Questa energia, questo carisma che investe la massa, questa iniezione di fiducia di cui, gli uomini, hanno sempre bisogno è lì, presente nelle sue esibizioni, nei suoni che rimbalzano, nelle melodie non scritte.
Dopo Modena Park e quasi tre ore di concerto è difficile eguagliare sé stessi. Eppure, ieri sera a Roma, così come anche a Torino, la storia si è ripetuta.
Lo Stadio Olimpico di Roma è in delirio, le canzoni rock scorrono a un ritmo che fa venire voglia di ballare, gridare, dirlo alla luna cosa si prova a starsene ore con l’adrenalina nel corpo. E quanto sia trascinante cantare all’unisono dei testi, il cui spessore umano, vibra, fino a far riflettere.

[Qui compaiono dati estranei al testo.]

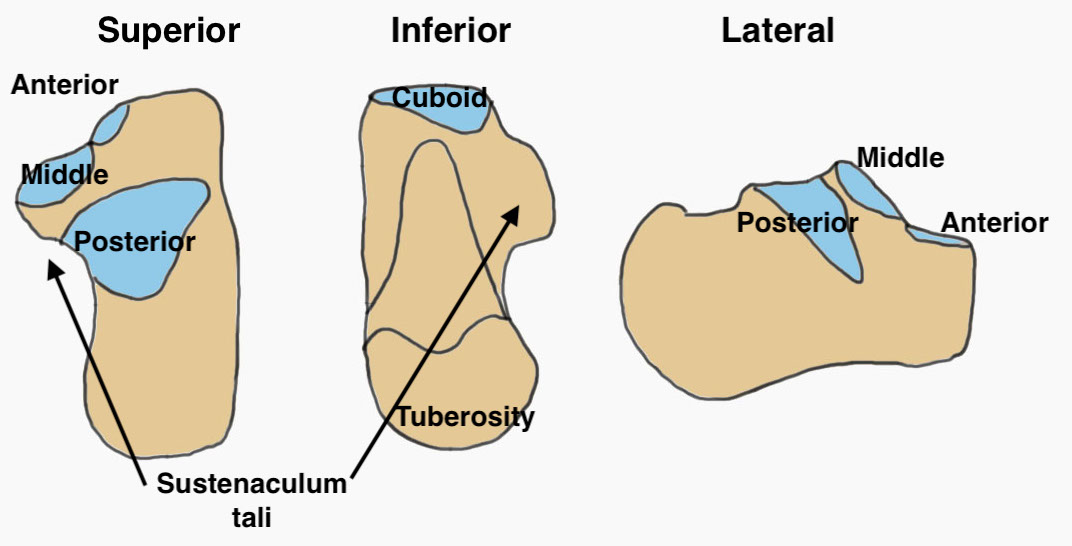 Calc anatomy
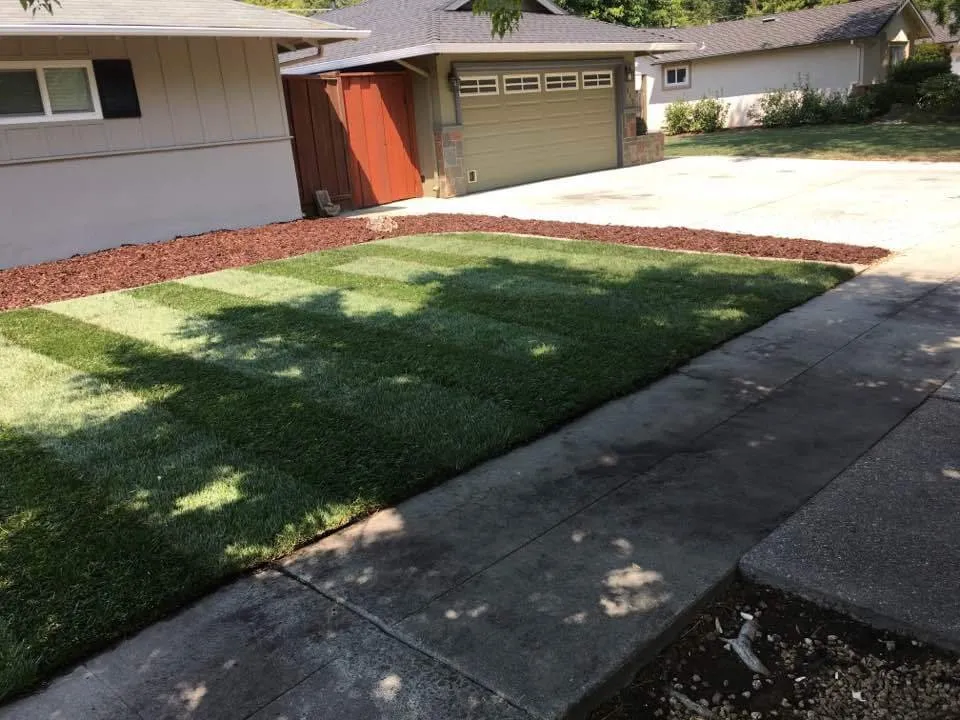 Professional outdoor landscaping experts serving San Jose, CA - Victor Trejo Gardening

Ci si sente appartenere a un pensiero unico, come quando Gli spari sopra si dirama dal palco e raggiunge la gente per lanciare un messaggio di pace; o quando Un mondo migliore guarda al cielo per raccontarsi un’altra favola.
Testi mai uguali, atmosfere che hanno sempre ammiccato ai tempi correnti e mai alle mode, che si sono sempre fatte scudo con la sincerità sfacciata di Vasco Rossi, un’indole che lo ha reso impopolare tra i critici ma non tra la gente comune.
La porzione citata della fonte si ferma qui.